Work item:
Wherever a line in the data below holds "Grey", copy that line.

***

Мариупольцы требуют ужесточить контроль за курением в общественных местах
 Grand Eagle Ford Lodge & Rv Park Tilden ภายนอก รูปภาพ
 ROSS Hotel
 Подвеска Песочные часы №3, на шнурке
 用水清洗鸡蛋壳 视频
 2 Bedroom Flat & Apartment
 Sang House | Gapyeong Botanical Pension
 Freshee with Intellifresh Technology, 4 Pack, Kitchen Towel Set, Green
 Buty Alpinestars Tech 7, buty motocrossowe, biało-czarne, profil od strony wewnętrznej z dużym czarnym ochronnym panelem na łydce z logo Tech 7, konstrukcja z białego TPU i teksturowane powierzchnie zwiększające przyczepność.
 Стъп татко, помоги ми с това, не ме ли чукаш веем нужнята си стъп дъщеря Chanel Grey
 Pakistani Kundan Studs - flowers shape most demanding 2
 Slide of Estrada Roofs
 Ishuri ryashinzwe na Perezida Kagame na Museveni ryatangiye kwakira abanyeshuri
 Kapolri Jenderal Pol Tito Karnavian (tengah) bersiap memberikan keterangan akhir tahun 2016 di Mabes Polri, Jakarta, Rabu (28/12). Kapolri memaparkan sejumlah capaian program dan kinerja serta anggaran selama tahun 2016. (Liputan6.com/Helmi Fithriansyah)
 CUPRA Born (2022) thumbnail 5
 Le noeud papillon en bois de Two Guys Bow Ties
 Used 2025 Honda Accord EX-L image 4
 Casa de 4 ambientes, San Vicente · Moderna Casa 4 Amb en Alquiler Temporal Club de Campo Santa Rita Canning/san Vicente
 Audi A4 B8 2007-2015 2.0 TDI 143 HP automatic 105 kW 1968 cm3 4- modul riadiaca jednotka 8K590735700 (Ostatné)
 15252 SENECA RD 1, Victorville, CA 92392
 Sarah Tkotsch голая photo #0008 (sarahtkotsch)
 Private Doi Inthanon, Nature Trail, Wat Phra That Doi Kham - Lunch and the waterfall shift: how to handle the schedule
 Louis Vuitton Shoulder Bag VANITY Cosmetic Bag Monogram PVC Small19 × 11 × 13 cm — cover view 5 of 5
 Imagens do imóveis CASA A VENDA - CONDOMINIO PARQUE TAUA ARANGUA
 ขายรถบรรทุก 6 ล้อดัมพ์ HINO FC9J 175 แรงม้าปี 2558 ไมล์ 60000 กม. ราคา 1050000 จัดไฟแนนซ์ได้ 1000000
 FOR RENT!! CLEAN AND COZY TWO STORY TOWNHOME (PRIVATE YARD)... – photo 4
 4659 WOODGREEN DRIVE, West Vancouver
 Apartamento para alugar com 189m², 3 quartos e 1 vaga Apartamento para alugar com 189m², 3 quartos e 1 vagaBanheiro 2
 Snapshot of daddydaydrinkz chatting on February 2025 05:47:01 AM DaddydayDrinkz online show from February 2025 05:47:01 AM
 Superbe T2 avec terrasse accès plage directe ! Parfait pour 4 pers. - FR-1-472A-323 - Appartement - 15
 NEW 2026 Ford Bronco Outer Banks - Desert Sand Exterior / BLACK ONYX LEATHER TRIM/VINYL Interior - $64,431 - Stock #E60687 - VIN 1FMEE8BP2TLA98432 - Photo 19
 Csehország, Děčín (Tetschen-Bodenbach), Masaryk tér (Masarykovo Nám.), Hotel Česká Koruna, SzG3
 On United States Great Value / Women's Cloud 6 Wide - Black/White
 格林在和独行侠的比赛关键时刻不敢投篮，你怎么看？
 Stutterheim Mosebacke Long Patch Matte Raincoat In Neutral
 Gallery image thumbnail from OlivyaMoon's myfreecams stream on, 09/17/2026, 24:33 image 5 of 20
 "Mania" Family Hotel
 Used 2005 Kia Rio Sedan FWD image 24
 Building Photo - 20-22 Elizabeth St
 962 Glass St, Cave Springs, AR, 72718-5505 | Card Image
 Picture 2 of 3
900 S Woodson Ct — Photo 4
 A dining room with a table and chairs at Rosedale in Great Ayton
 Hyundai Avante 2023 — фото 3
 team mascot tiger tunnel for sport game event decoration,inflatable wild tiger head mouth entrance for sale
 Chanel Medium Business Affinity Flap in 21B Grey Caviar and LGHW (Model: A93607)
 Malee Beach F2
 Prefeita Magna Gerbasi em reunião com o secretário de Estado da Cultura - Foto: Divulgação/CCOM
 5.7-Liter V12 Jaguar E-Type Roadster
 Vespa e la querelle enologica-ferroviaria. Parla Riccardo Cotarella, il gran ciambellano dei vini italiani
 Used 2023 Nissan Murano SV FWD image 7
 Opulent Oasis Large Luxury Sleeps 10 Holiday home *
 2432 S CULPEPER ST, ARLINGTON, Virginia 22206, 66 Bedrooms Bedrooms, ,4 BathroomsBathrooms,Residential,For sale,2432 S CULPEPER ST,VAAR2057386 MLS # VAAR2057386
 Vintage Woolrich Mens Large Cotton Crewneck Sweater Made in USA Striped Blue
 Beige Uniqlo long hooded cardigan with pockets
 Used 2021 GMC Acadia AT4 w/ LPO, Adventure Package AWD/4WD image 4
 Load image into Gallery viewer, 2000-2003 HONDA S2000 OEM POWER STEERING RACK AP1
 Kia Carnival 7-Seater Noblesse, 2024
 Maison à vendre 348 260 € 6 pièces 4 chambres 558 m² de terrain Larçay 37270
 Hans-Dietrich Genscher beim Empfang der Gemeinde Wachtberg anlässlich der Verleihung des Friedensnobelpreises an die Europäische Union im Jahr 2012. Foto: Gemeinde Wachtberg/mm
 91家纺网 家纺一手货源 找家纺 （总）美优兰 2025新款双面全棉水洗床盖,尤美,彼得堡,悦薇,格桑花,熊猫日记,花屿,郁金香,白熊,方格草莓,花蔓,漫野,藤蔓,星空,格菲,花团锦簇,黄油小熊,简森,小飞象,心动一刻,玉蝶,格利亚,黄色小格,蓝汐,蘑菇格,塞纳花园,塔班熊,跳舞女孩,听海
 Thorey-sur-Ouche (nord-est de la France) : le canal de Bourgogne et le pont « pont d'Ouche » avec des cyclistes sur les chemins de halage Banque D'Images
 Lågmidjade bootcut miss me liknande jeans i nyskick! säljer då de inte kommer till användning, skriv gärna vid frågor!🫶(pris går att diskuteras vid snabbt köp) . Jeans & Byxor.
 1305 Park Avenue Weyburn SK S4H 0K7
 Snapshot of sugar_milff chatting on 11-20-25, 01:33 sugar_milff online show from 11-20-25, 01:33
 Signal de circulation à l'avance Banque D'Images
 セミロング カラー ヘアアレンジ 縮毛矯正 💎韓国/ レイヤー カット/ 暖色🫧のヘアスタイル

***

Written response:
 Стъп татко, помоги ми с това, не ме ли чукаш веем нужнята си стъп дъщеря Chanel Grey
 Chanel Medium Business Affinity Flap in 21B Grey Caviar and LGHW (Model: A93607)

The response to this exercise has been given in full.